Historycy brytyjscy mają zwyczaj mówić, że Brytania stanęła sama przeciw wrogowi. To nie była do końca prawda. Rzeczywiście dwaj późniejsi sojusznicy – USA i ZSRR nie wzięli udziału w obronie. Za to RAF mógł liczyć zarówno na sojuszników z pokonanych krajów (czytelnicy na pewno pamiętają o udziale polskich pilotów) jak i krajów Commonwealthu. W Bitwie o Anglię wzięło udział 35 Australijskich pilotów i aż 126 Nowozelandczyków. W przypadku tych ostatnich była to druga największa grupa niebrytyjskich pilotów (zaraz po Polakach), która brała udział w bitwie. (Harrison P., 2011: s. 53) Nietrudno zgadnąć, że ta grupa miała wpływ na losy bitwy. Wielka Brytania została obroniona (wrzesień/październik 1940) i działania wojenne przeniosły się do Afryki Północnej oraz na Bałkany. Jeśli szukasz więcej ciekawostek, sprawdź także ten artykuł na temat ostatniej bitwy kawaleryjskiej w historii świata.

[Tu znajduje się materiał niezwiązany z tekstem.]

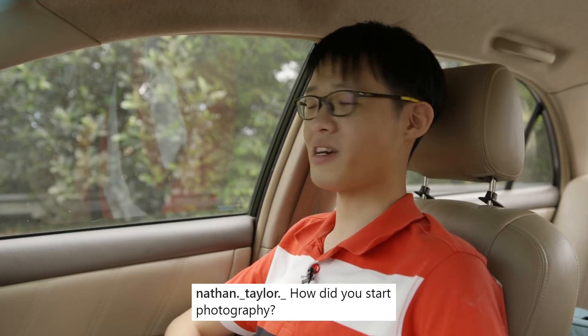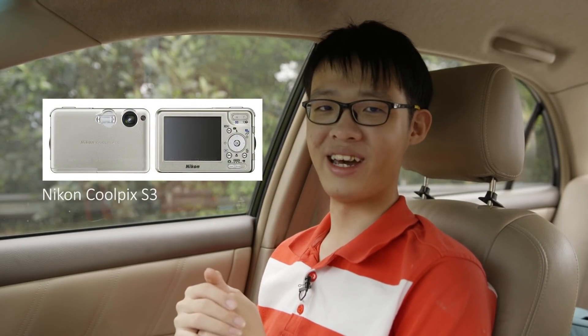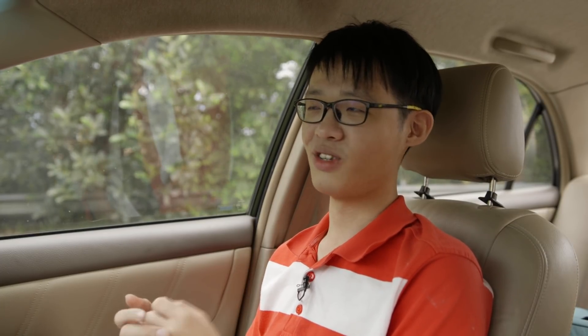'How did you start photography?' I started on camera phones, actually. Back when I was a kid, I would always take my dad's camera phone and start taking pictures with it — that's how my passion in photography first sparked. My first proper camera was a point-and-shoot that didn't even have manual mode; it was a Nikon Coolpix something. My first proper DSLR was a Canon 550D that I got when I was 15. So that's how I started, all the way back from those 0.3 megapixel camera phones.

Afryka, Grecja i Bliski Wschód
Po odparciu bezpośredniego zagrożenia dla metropolii Wielka Brytania rozpoczęła ofensywę przeciw Włochom w Afryce. Ta tzw. Operacja Compass rozegrała się między październikiem 1940 a lutym 1941 roku. Australijska 6. Dywizja przystąpiła do walki po odbyciu szkolenia pod koniec grudnia 1940 r. Udało się szybko powstrzymać postępy Włochów nad Kanałem Sueskim. W styczniu 1941 roku żołnierze australijscy odegrali też ważną rolę w zajęciu Tobruku. Następnie wiosną tego roku brali udział w walkach w Grecji. Niestety Alianci zostali wyparci przez Niemców i Australijczycy zostali wycofani z powrotem do Egiptu. (Ross D.: s. 228) Ich ziomkowie odegrali natomiast ważną rolę w zwycięskich walkach z armią rządu Vichy na terenie Syrii i Libanu. Spośród 35 tys. żołnierzy alianckich w Syrii, największą grupę, aż 18 tys., stanowili właśnie Australijczycy.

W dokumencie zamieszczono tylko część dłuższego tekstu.